Across included records, recurrent barriers to DHT scale-up in LSDs include infrastructure constraints, limited alignment across regulatory, HTA, and reimbursement requirements, and workforce skill gaps [38,128]. Interoperability, provider training, and robust privacy and security governance are repeatedly positioned as prerequisites, alongside patient trust, and clear accountability for data use [14,21,69,102].

Given rapid innovation and evolving governance, multistakeholder consensus processes (eg, consensus conferences informed by PICO-structured evidence syntheses) can help translate emerging evidence into fit-for-purpose recommendations for development, adoption, and evaluation of AI and CC in LSD care and in RDs more broadly [35,36].

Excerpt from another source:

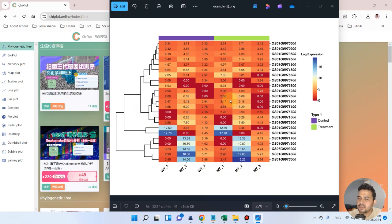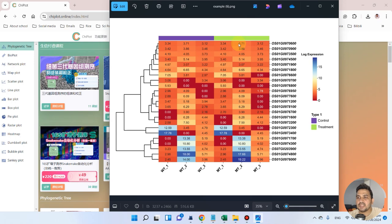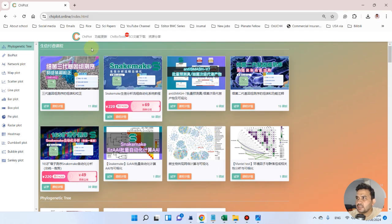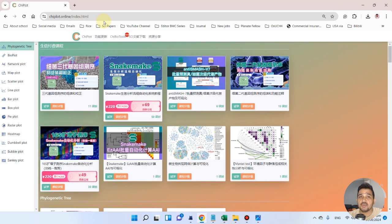We have clustering on the basis of gene expression, and we can also have distinction between the three replicates of wild type and the three replicates of mutant type. So let's dive into how we can draw this heat map using the gplot website.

Most included evidence is nonrandomized, single-center, with small samples and limited follow-up, constraining causal inference and generalizability [37,71,72,80]. Priorities, therefore, include standardized outcome sets, interoperable data capture, and multisite designs (including pragmatic and, where feasible, randomized evaluations) that can assess longer-term effectiveness, safety, equity, and implementation outcomes [28,29,35,72,79,80]. In rare, geographically dispersed LSD populations, DHTs may need to act both as interventions and as trial enablers (supporting decentralized recruitment, continuous outcome capture, and longitudinal follow-up) [28,79].

This PRISMA-ScR–conformant review provides, to the authors’ knowledge, the first comprehensive mapping of DHT applications in LSDs care, spanning disease populations, intervention classes, outcome domains, and care-journey phases. Across 245 records, research activity clustered around a subset of LSDs, particularly FD and GD, and was concentrated in earlier care-journey phases such as screening, diagnosis, and early monitoring, with markedly fewer applications reported in treatment intensification, rehabilitation, transition, or end-of-life care. Care-delivery outcomes (including diagnostic accuracy, workflow coordination, and access to specialist expertise) dominated reporting, whereas patient-centered and societal outcomes remained comparatively scarce. Figure 4 synthesizes how these digitally enhanced activities align with LSDs’ natural history and conventional care pathways [24,102].

However, current evidence is insufficient to infer effectiveness or justify routine implementation. Across AI, CC, and other DHTs, most studies were small, single-center, observational, and exploratory, with only a modest contribution from gray literature. Consistent with the aims of a scoping review, these findings should be interpreted as descriptive and hypothesis-generating. Our mapping is intended to characterize patterns and identify gaps, not to support causal claims or comparative-effectiveness judgments.

Considering these findings, near-term priorities include stronger evidence generation (through RCTs, high-quality real-world evidence studies, and pragmatic, theory-informed implementation trials of AI and CC technologies), using transparent datasets and standardized outcome sets aligned with established evidence standards. Given that the current evidence base is appreciable in size, but heterogeneous and largely observational, expert consensus processes are needed to translate emerging signals into appropriate, practice-relevant guidance and to define minimum requirements for safe and meaningful clinical use. Policy integration and cross-border collaboration are not conclusions drawn from the current data but represent necessary enabling conditions for high-quality data availability in RDs, harmonized governance, interoperability, and future evidence generation. The 4-axis mapping framework and care-journey perspective presented here may help guide the design of these future evaluations and consensus efforts for LSDs and, where appropriate, other RDs.